What you have to do: Nothing but the lines below from the first through the one with "Chic Appartement Type" should appear, printed exactly; please leave pictures out.
━━━━
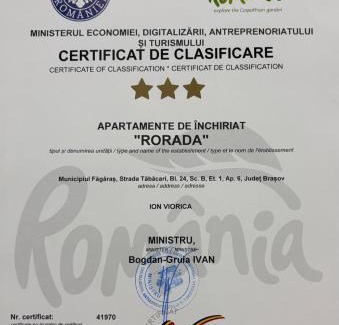 Fagaras Apartamento | RORADA Apartament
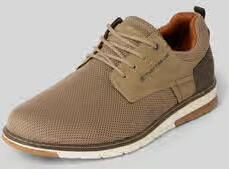 Tom Tailor Low Top sneaker met details in lederlook model 'DYLAN' - Foto 5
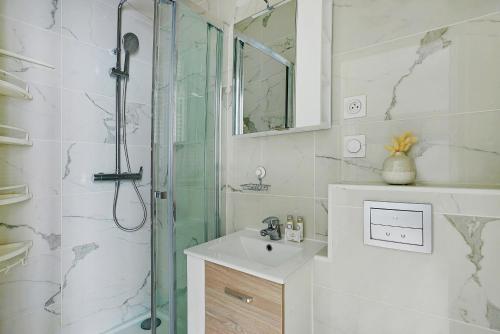 Kúpeľňa v ubytovaní Comfortable studio - 2P - Grenelle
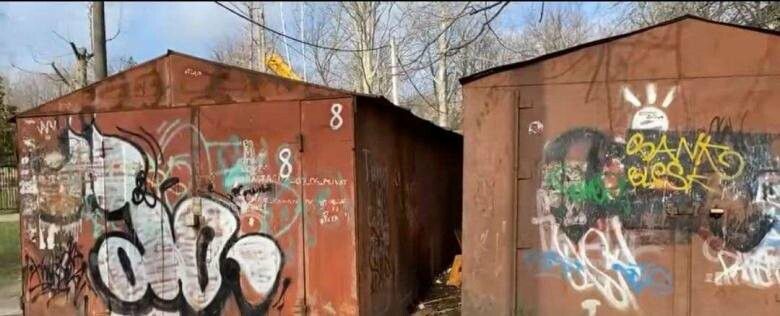 В Черноморске уберут незаконно установленные гаражи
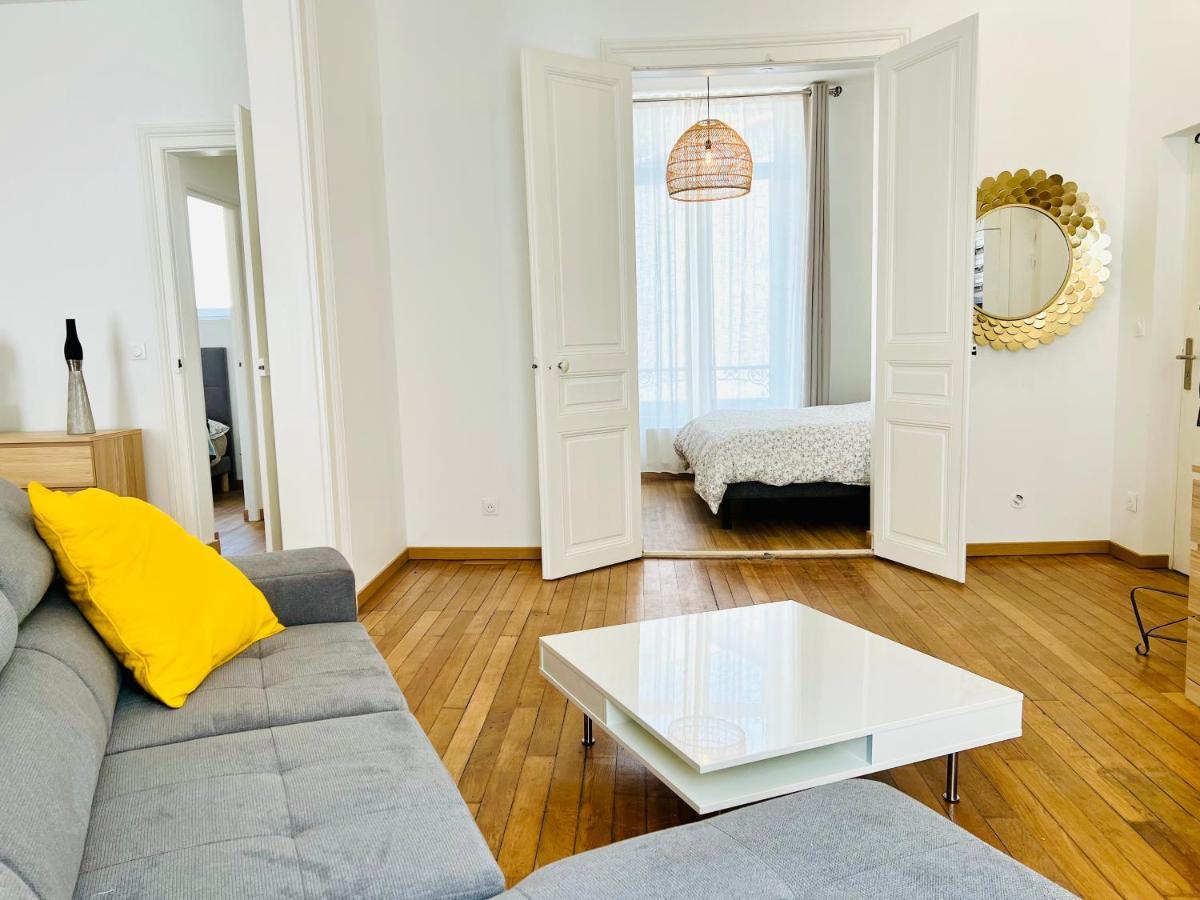 Chic Appartement Type 4 / Parking Prive Reims Eksteriør bilde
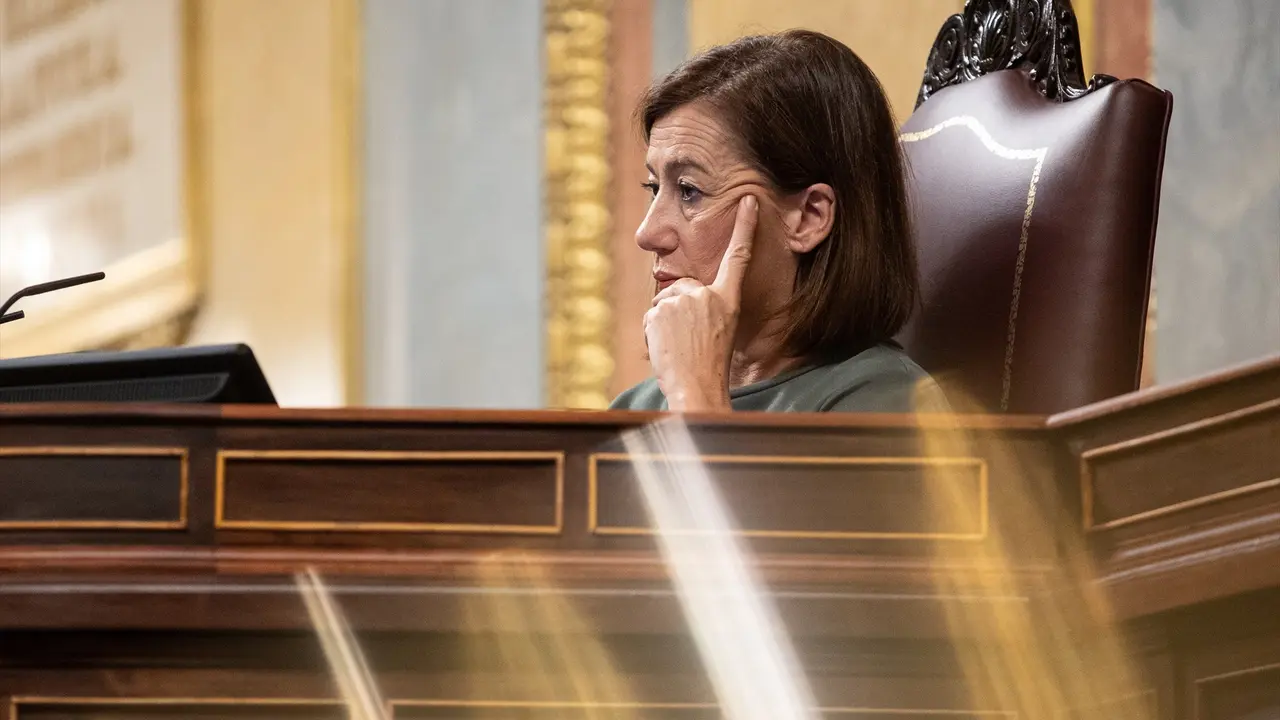 La presidenta del Congreso, Francina Armengol. / Alejandro Mart&iacute;nez V&eacute;lez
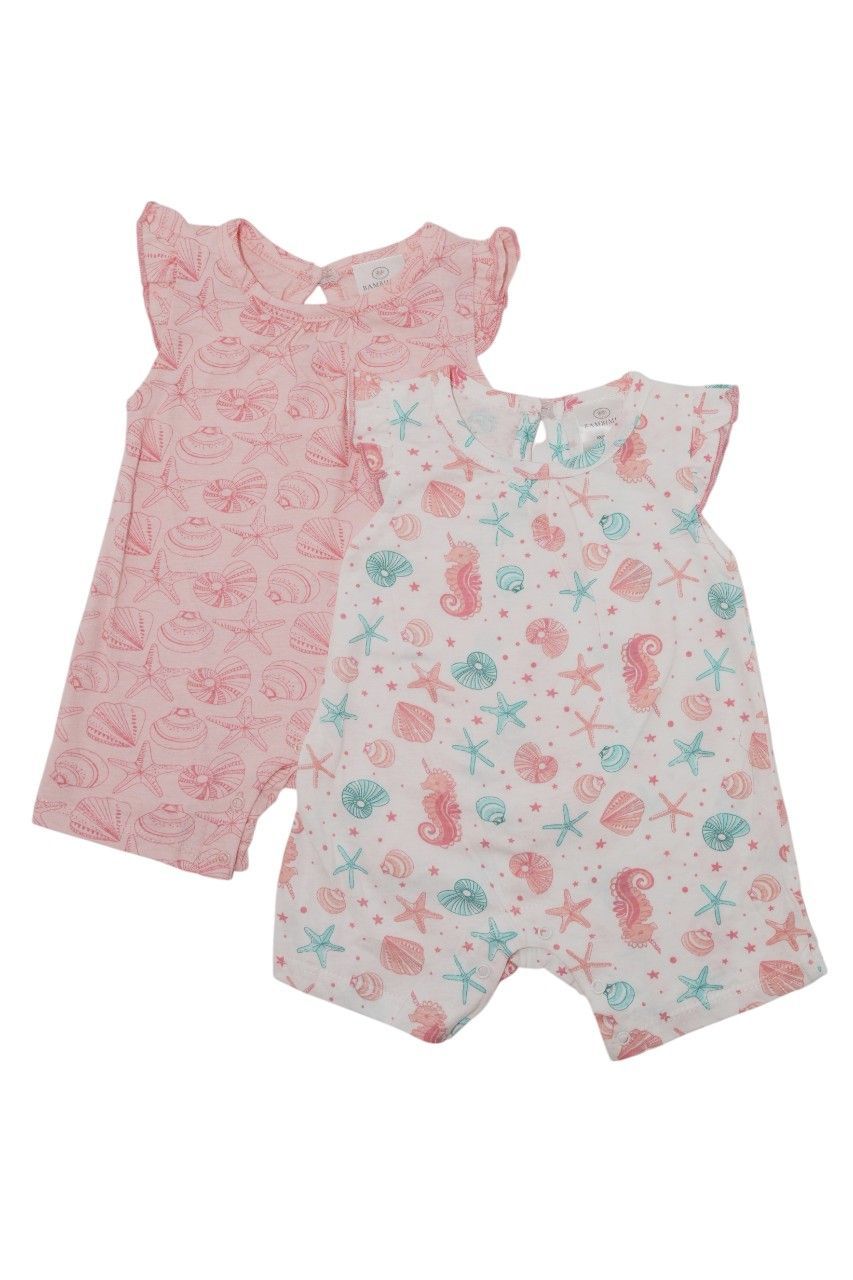 Bambimici - Sea Breeze Baby Bodysuit 2Pc Set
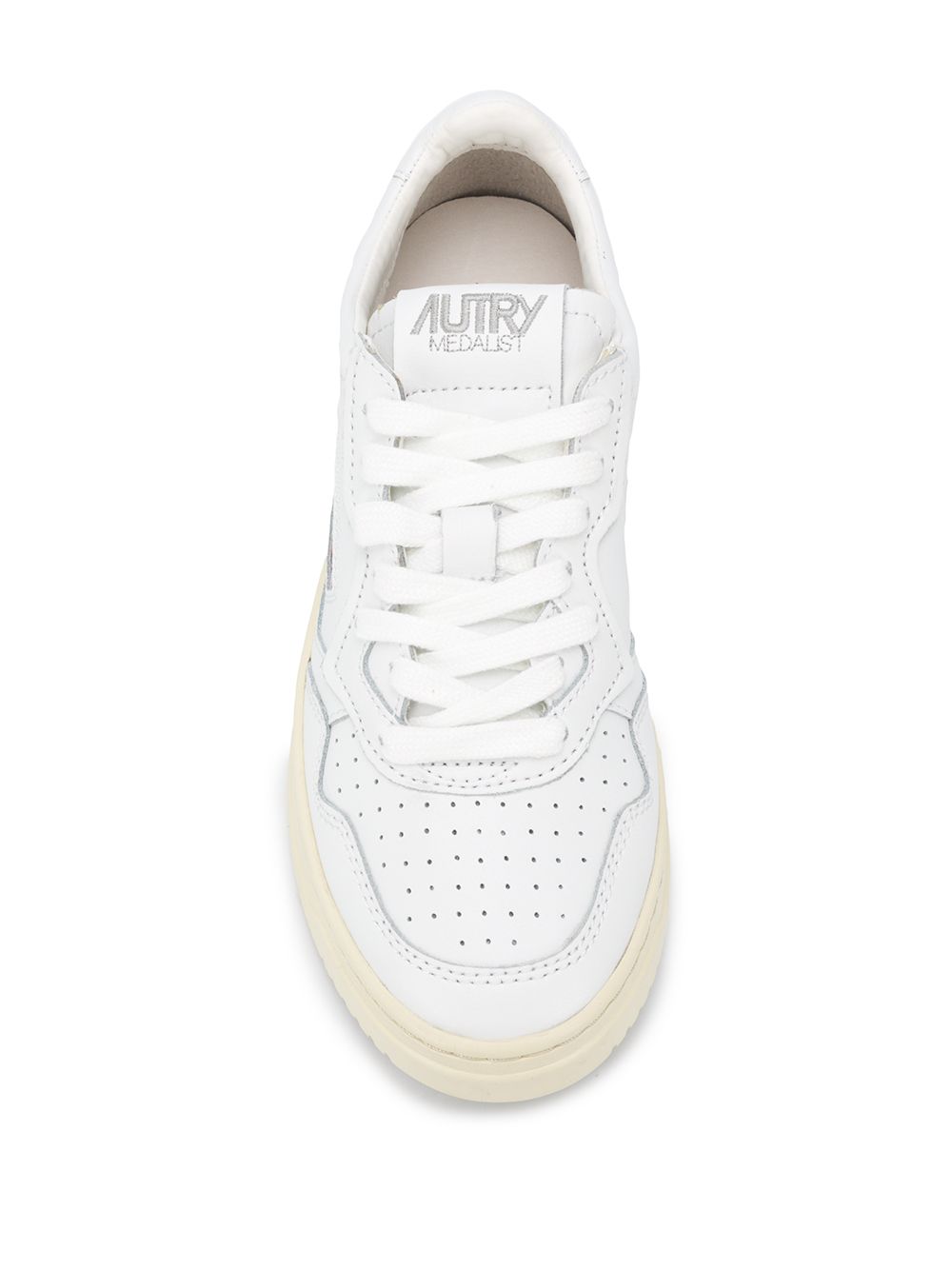 AUTRY Sneakers 'Medalist' in pelle bianca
━━━━
Task solution:
 Fagaras Apartamento | RORADA Apartament
 Tom Tailor Low Top sneaker met details in lederlook model 'DYLAN' - Foto 5
 Kúpeľňa v ubytovaní Comfortable studio - 2P - Grenelle
 В Черноморске уберут незаконно установленные гаражи
 Chic Appartement Type 4 / Parking Prive Reims Eksteriør bilde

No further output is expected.